What conditions are necessary for approximation of identity to converge to the function?

Question

Let $\Phi:\mathbb{R}^n \times (0,\infty) \rightarrow (0,\infty)$ be defined as: \begin{align*} \Phi(x,t) = \frac{1}{(\sqrt{4\pi t})^n}e^{-||x||^2/4t} \end{align*} Then denoting for a fixed $t$, $\Phi_t: \mathbb{R}^n \rightarrow (0,\infty) $ as $\Phi_t(x) = \Phi(x,t)$ we have the following properties: \begin{align*} \int_{\mathbb{R}^n}\Phi_t\ dx &= 1\\ \lim_{t\rightarrow0}\Phi_t(x) &= 0, x\not=0 \end{align*} If $f \in L^1(\mathbb{R}^n) \cap L^{\infty}(\mathbb{R}^n)$, then suppose we have: \begin{align*} \lim_{t\rightarrow 0}f*\Phi_t(x) = f(x), \forall x \in \mathbb{R}^n \end{align*} (I have proved that if $f$ is continuous at $x$, then the limit holds true) What can we say about $f$? Is it continuous $a.e$?

Answer 1

A function in $L^{1}(\mathbb{R}^{n})$ is not continuous a.e in general. For example, take $n=1$ and the function $f = \mathbb{1}_{\mathbb{Q} \cap [0,1]}$ the function $f$ is nowhere continuous.

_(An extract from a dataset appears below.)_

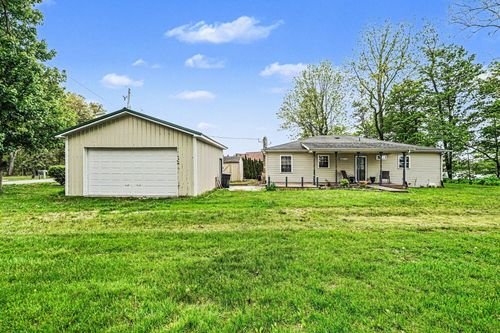66713 Territorial Rd, Lawrence, MI, 49064-9736 | Card Image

Despite this fact, $\varphi_{t}*f \to f$ in $L^{1}([0,1])$ as $t \to 0.$ Here is a reminder of the proof $$ \int_{\mathbb{R}}\left\vert \int_\mathbb{R} f(x-y)\,\varphi_{t}(y)\,dy - f(x) \right\vert \,dx = \int_{\mathbb{R}}\left\vert \int_\mathbb{R} \bigl( f(x-y)-f(x) \bigr)\,\varphi_{t}(y)\,dy \right\vert \,dx \\ \leq \int_{\mathbb{R}} \int_\mathbb{R} \left\vert \bigl( f(x-y)-f(x) \bigr)\,\varphi_{t}(y) \right\vert \,dy \,dx = \int_{\mathbb{R}} \,\varphi_{t}(y) \, \int_\mathbb{R} \left\vert \bigl( f(x-y)-f(x) \bigr) \right\vert \,dx \,dy\\ =\int_{\varphi} \frac{1}{\sqrt{t}}\varphi_{1}(\frac{y}{\sqrt{t}})\, \int_\mathbb{R} \left\vert \bigl( f(x-y)-f(x) \bigr) \right\vert \,dx \,dy \\ = \int_{\varphi} \varphi_{1}(y)\, \int_\mathbb{R} \left\vert \bigl( f(x-y\cdot \sqrt{t})-f(x) \bigr) \right\vert \,dx \,dy. $$ But the translation operator (for further clarifications look at this post Translation operator and continuity ) is continuous in $L^{1}$; i.e, $$ \lim_{a \to 0} \int_{\mathbb{R}} \vert f(x-a)-f(x) \vert = 0. $$ You then apply this result with $a= y\sqrt{t}$ and you use the dominated convergence theorem. As a dominating function you can take $$ \varphi_{1}(y)\cdot 2\Vert f \Vert_{L^{1}} $$ because $$ \varphi_{1}(y)\, \int_\mathbb{R} \left\vert \bigl( f(x-y\cdot \sqrt{t})-f(x) \bigr) \right\vert \,dx \leq \varphi_{1}(y)\, \bigl( \int_\mathbb{R} \left\vert f(x-\sqrt{t}\,y) \right\vert dx + \int_\mathbb{R} \left\vert f(x) \right\vert dx \bigr) \\ = 2 \cdot \varphi_{1}(y)\cdot \Vert f \Vert_{L^{1}} $$ Moreover, if you take a sequence of functions from $\{ \varphi_{t} \}_{t \geq 0};$ for example, $\{ \varphi_{\frac{1}{n}} \}_{n \in \mathbb{N}}$ then you have a subsequence that converge almost everywhere to $f.$ In fact, every sequence $\{ f_{n} \}_{n \in \mathbb{N}}$ which converge in $L^{1}$ to a function $f$ also admits a subsquence convergent almost everywhere to $f.$ Despite these two types of convergence we do not have that $f$ is continuous almost everywhere.